[To do]
Each line in the material below, starting at the one that contains "warner bros. entertainment" and ending at the one that contains "ISOLANT LAINE DE VERRE URSA HOMETEC 35", should be repeated exactly; the pictures should not.

[Material for the task]
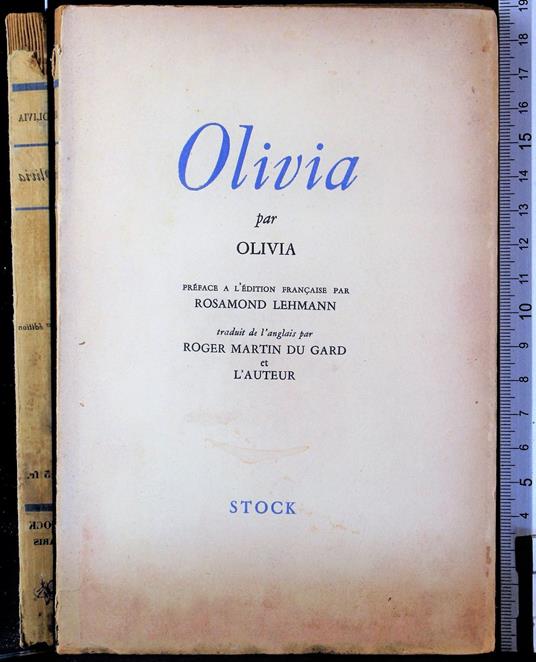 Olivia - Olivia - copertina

---

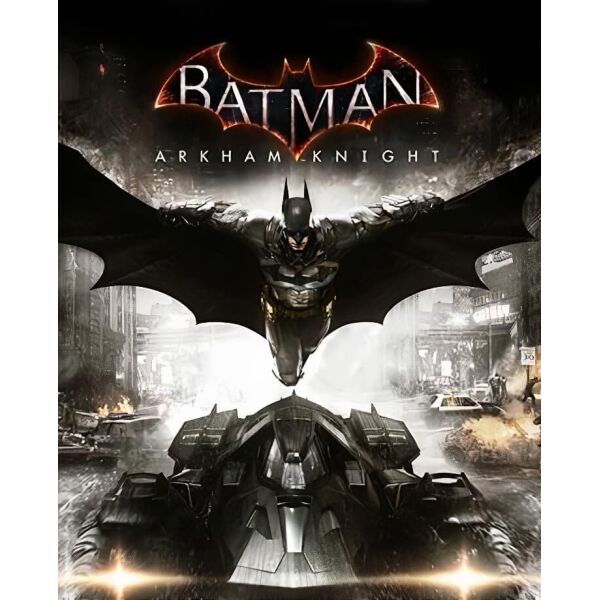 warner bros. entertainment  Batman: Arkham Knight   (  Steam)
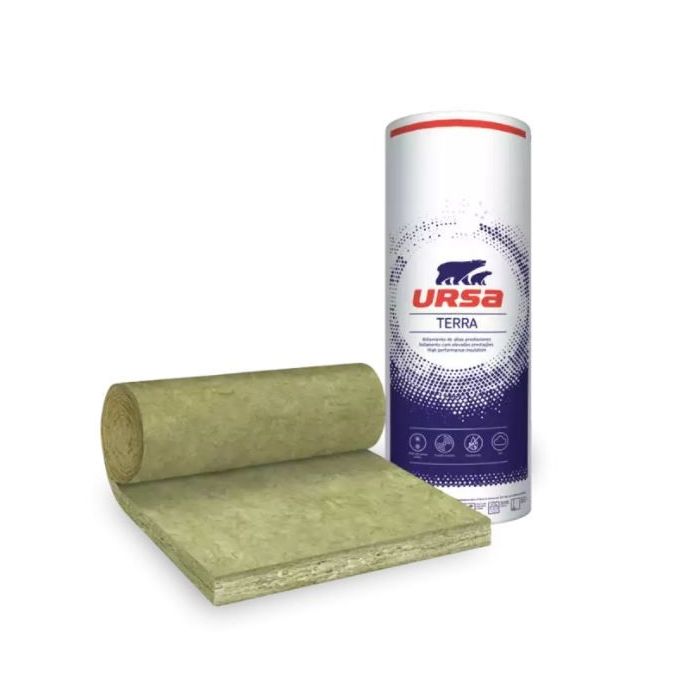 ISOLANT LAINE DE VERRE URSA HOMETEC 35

...

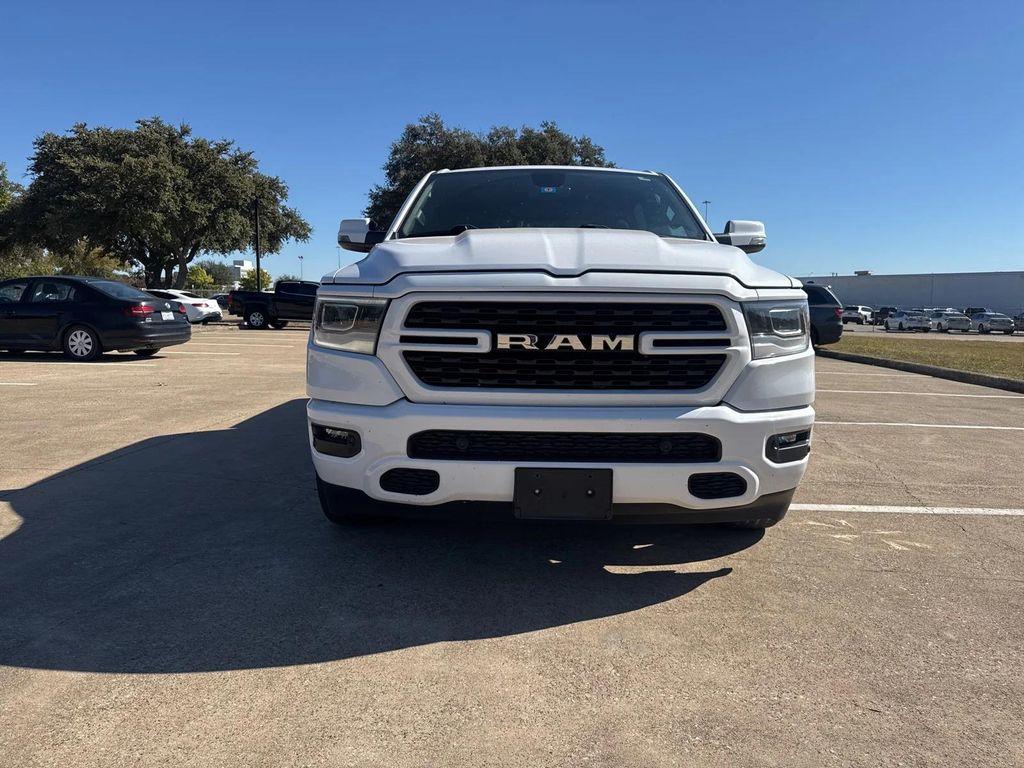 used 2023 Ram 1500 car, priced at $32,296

[Exercise solution]
 warner bros. entertainment  Batman: Arkham Knight   (  Steam)
 ISOLANT LAINE DE VERRE URSA HOMETEC 35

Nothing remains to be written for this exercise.